The York County Heritage Trust is offering a crash course on genealogy research in January for Yorkers who make it a resolution to trace their family history in the new year.
The trust hosts monthly "Lunch with the Librarians" programs, and January's theme is "who do you think you are?" - mimicked after the popular television show that traces the family histories of celebrities.
The free program, held at 1 p.m. Friday, is an informal way for library volunteers to give tips and advice to first-time researchers, said Lila Fourhman-Shaull, director of library and archives at the trust.
Fourhman-Shaull said the monthly programs change in topic, but all of them are genealogy-related for people hoping to trace their history.

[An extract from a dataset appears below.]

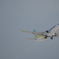 飛行機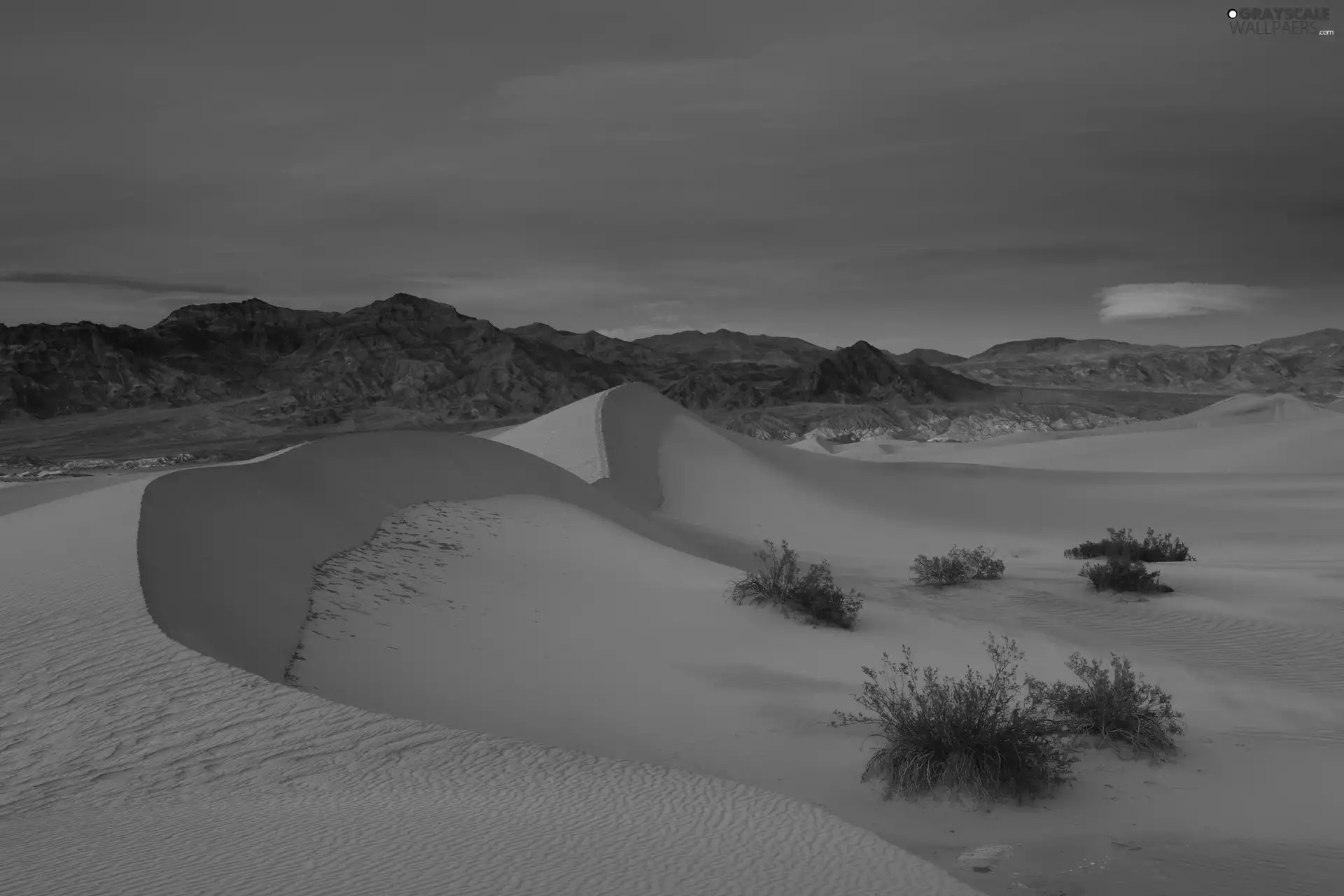 Valley, California, national, Death, Park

But filling in the spaces of a family tree can require more than just looking up birth records: Fourhman-Shaull said
Pennsylvania didn't keep those records until 1906. But the trust has other resources available, including centuries-old church records that date back to before York was officially a county.
Other sources: Fourhman-Shaull said other resources such as property deeds, archived tombstone inscriptions and military records can all play a part in tracing a family history.

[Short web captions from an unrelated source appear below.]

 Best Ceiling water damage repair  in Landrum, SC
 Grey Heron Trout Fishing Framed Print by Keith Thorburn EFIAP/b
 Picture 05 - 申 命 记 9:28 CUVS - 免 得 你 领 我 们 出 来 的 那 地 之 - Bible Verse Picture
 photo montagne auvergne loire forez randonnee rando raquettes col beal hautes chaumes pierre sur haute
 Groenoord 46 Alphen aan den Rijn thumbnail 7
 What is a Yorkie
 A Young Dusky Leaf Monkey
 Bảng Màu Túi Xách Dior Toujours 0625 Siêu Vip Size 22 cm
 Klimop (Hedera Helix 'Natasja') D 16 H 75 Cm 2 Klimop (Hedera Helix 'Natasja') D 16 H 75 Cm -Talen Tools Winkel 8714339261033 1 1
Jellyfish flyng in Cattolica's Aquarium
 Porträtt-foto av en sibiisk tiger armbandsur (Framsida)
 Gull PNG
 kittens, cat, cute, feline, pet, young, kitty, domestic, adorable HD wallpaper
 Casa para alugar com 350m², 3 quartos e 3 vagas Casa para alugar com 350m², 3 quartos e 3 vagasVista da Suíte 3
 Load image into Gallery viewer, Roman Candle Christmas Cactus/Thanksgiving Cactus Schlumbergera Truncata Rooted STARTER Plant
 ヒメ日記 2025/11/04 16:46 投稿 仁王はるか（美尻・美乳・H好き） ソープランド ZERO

Fourhman-Shaull said it is impossible to know how long researching a family might take because it depends on what information a person is looking for: Names and dates are one thing, but connecting with a person and learning more about their life can require some extra research.

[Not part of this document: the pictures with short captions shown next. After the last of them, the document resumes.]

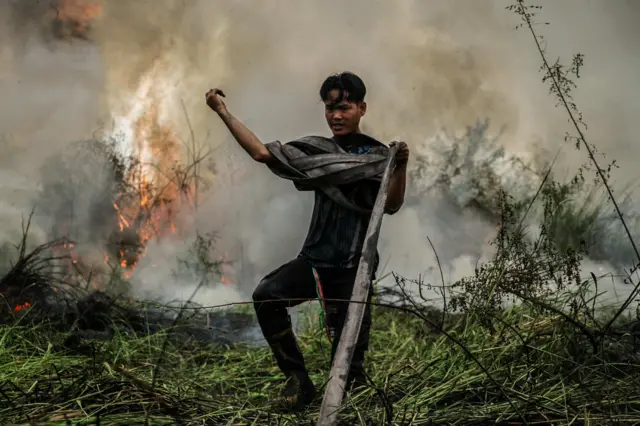 Petugas pemadam kebakaran Dinas Kehutanan Kalteng menggulung slang saat pemadaman kebakaran lahan gambut di Kelurahan Bukit Tunggal, Palangka Raya, Kalimantan Tengah, Minggu (12/7/2026). Pemerintah Kota Palangka Raya telah menetapkan status siaga darurat kebakaran hutan dan lahan (karhutla) sejak 1 Juni hingga Agustus 2026 sebagai bentuk kesiapsiagaan menghadapi musim kemarau mengingat telah terjadinya beberapa titik peristiwa karhutla di wilayah Palangka Raya. 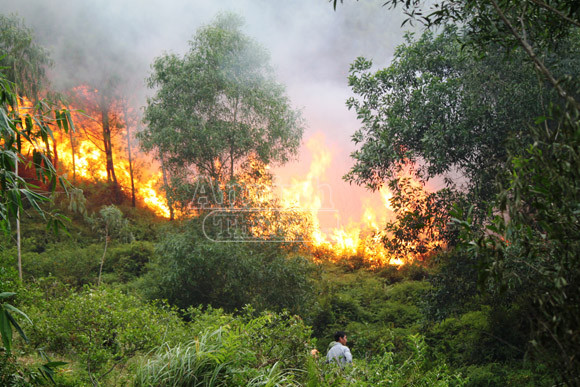 Cháy rừng kéo dài, 500 người tham gia dập lửa ảnh 1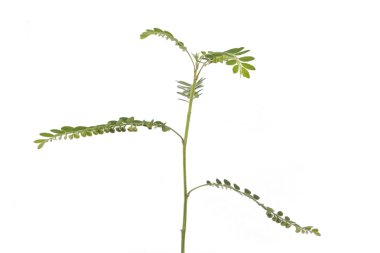 Kadın patlıcan (bitki)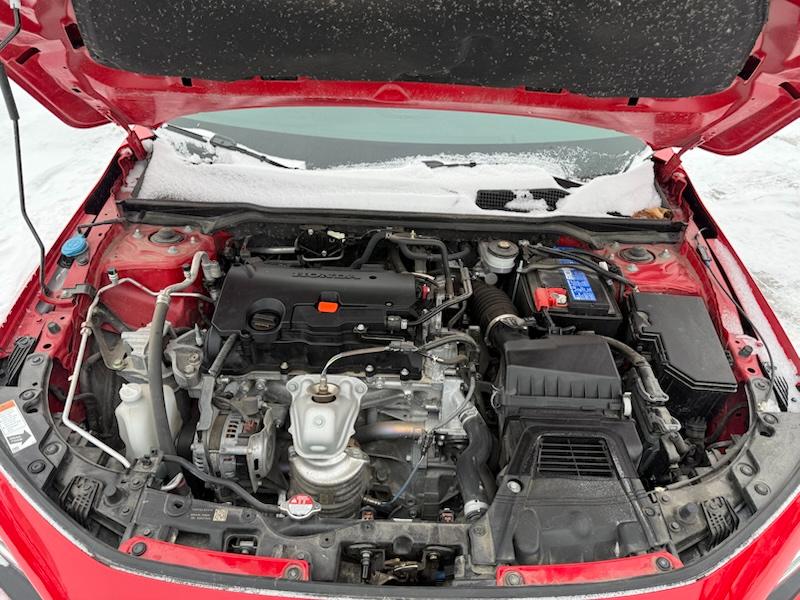 Honda Civic Sport 2024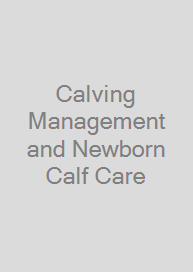 Cover Calving Management and Newborn Calf Care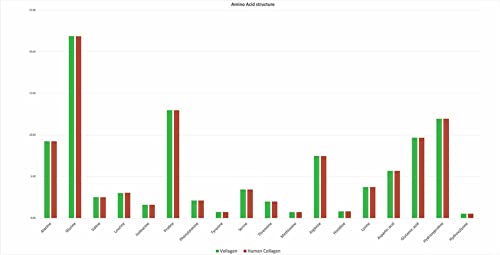 Vollagen® Advanced Vegan Collagen - 18 Amino Acid Complex in Ratio of Collagen Time Health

But the director says many of the library's volunteers are genealogists by trade and heart, and are "attached at the hip" to people who come in with research they would like to begin.
"They're like trivial pursuit to the nth degree," Fourhman-Shaull said.
Fourhman-Shaull said another goal is to teach people how to keep track of their research so they can organize where they discovered information.
To participate: The director said she caps the monthly workshops at 20 people to keep a more informal atmosphere so people can feel comfortable about asking questions.
The meeting doesn't require any specific materials, but Fourhman-Shaull said attendees should come with some idea of what they would like to research.
"Come equipped with what you know," she said.
Pre-registration is required, and $10 lunches are available for purchase. But Fourhman-Shaull said attendees can also bring their own lunch or eat before coming to the event.
The program will take place at the Historical Society Museum, 250 E. Market St.